On Monday, the US Defense Security Cooperation Agency (DSCA) announced the US State Department had approved the possible sale of $280 million worth of army communications equipment to Taiwan. The deal will still have to be approved by Congress and by the Taiwanese parliament, but such deals are typically passed once the State Department signs off on them.

The potential sale is just the latest brought forward in Washington in recent months. Other recently approved sales include $600 million in MQ-9 Reaper drones; $2.37 billion in Harpoon Coastal Defense Systems and related equipment; $1 billion in AGM-84H Standoff Land Attack Missile Expanded Response (SLAM-ER) long-range cruise missiles; $436 million in HIMARS rocket artillery and weapons; and an $8 billion sale of F-16V “Viper” fighter jets that was finalized in August.

Song Zhongping, a Chinese mainland military expert and TV commentator, told the Global Times that Taiwanese forces using US-made command and control equipment means they will become integrated into the US’ chain of command, becoming fully reliant on them.

Speaking on Tuesday about the deal, Taiwanese President Tsai Ing Wen said that “authoritarian forces consistently attempt to violate the existing norms-based order. Taiwan has been at the receiving end of such military threats on a daily basis,” Reuters reported.

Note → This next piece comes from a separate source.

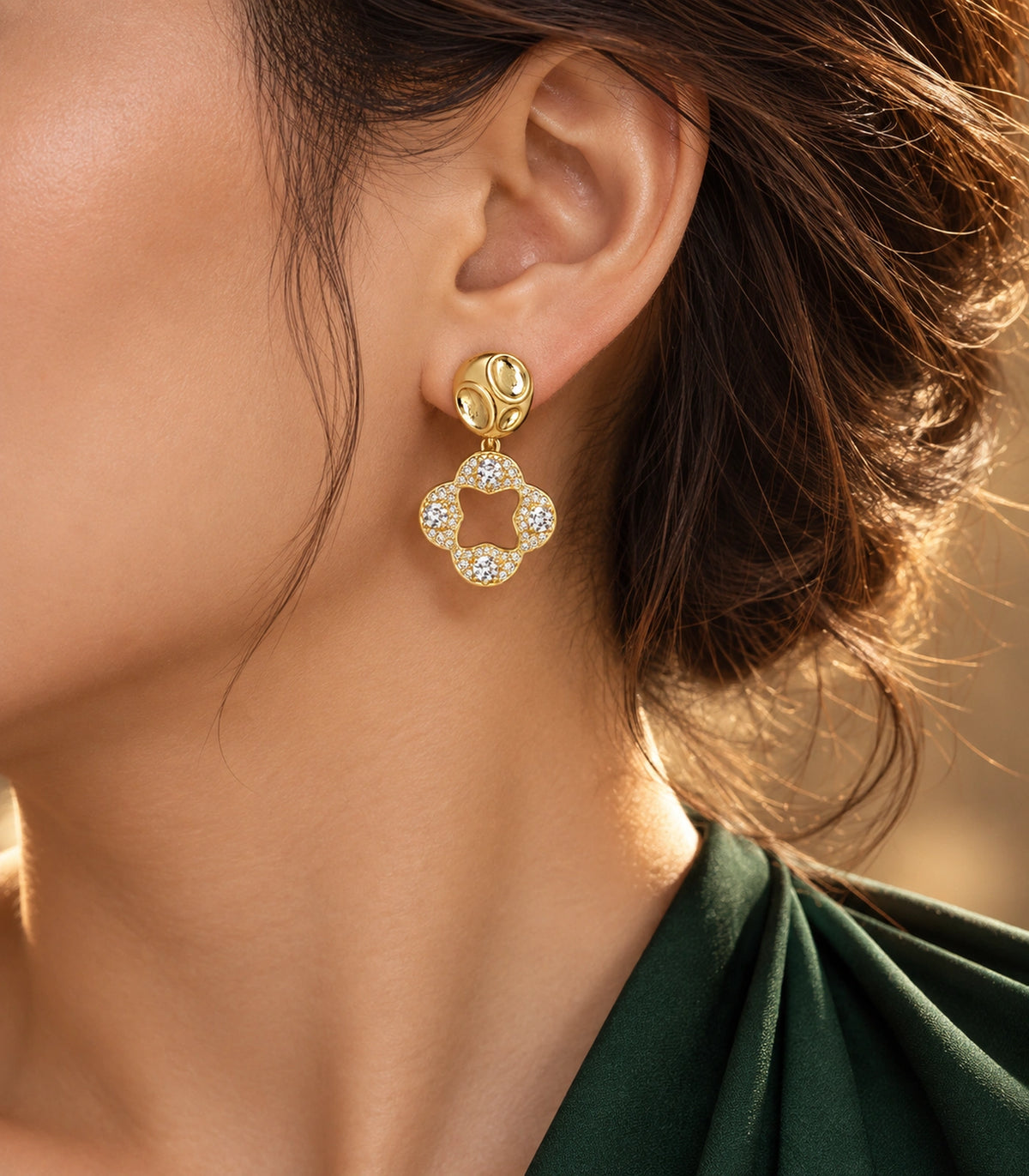JIMIKI Gold-Tone Crystal Open Quatrefoil Organic Pebble Drop Earrings in Gold / Clear, editorial model view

Beijing regards Taiwan as a part of China and a province in rebellion and states like the US as interfering in internal Chinese affairs by aiding Taipei. The autonomous island is governed by the Republic of China, which was defeated on the mainland at the conclusion of the civil war in 1949 and the declaration of a People’s Republic of China in Beijing. When the US finally switched its recognition of the legitimate Chinese government from Taipei to Beijing thirty years later in 1979, it agreed with this principle of “One China.”

Relations between Taipei and Beijing have rarely been friendly, but since Tsai became Taiwanese president in 2016 and Donald Trump became US president in 2017, tensions have taken a turn for the worse, with fears Taiwan may soon declare itself an independent state. Chinese President Xi Jinping has promised if that happens, there will be war.